Architectural Sciences 7b. Resistance of Materials. Half-course (spring term) Tu., Th., Sat., at 8. Professor Haertlein.

Chinese Ab. Elementary Chinese. Half-course (spring term). Mon., Wed., Fri., at 10. Assistant Professor Cleaves.

Reading of modern texts. Prerequisite, Chinese Aa.

Economics 14a. Chinese Economic Problems. Half-course (spring term). Mon., Wed., and (at the pleasure of the instructor) Fri., at 2. Dr. Lindsay.

History 18a. Roman Law in Ancient and Mediaeval Culture (The Evolution of the Idea of Law in the Western World). Half-course (spring term). Mon., Wed., Fri., at 3. Dr. Bruck.

*Japanese A. Intensive Elementary Japanese. Grammar of Modern Japanese and the reading of simple modern texts with supplementary practice in writing and speaking. Full course (spring term). Mon., through Sat., at 9. Associate Professor Reischauer.

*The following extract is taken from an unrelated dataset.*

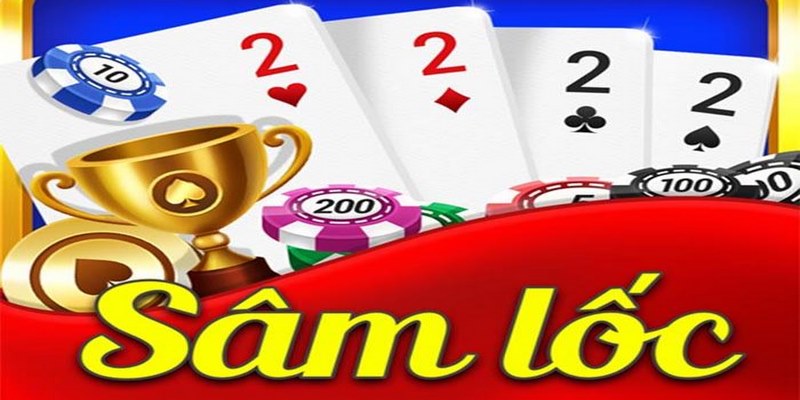 Tổng hợp luật chơi đánh bài Sâm Lốc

Mineralogy 6b. Crystal Chemistry. Half-course (spring term). Two lectures and three to five laboratory hours a week. Associate Professor Frondel.

A survey of the chemical and physical properties of crystalline solids in light of their atomic structure.

Open to those who have passed Chemistry A or B, or Mineralogy 2a and 2b. A knowledge of X-ray crystallography is desirable but not required.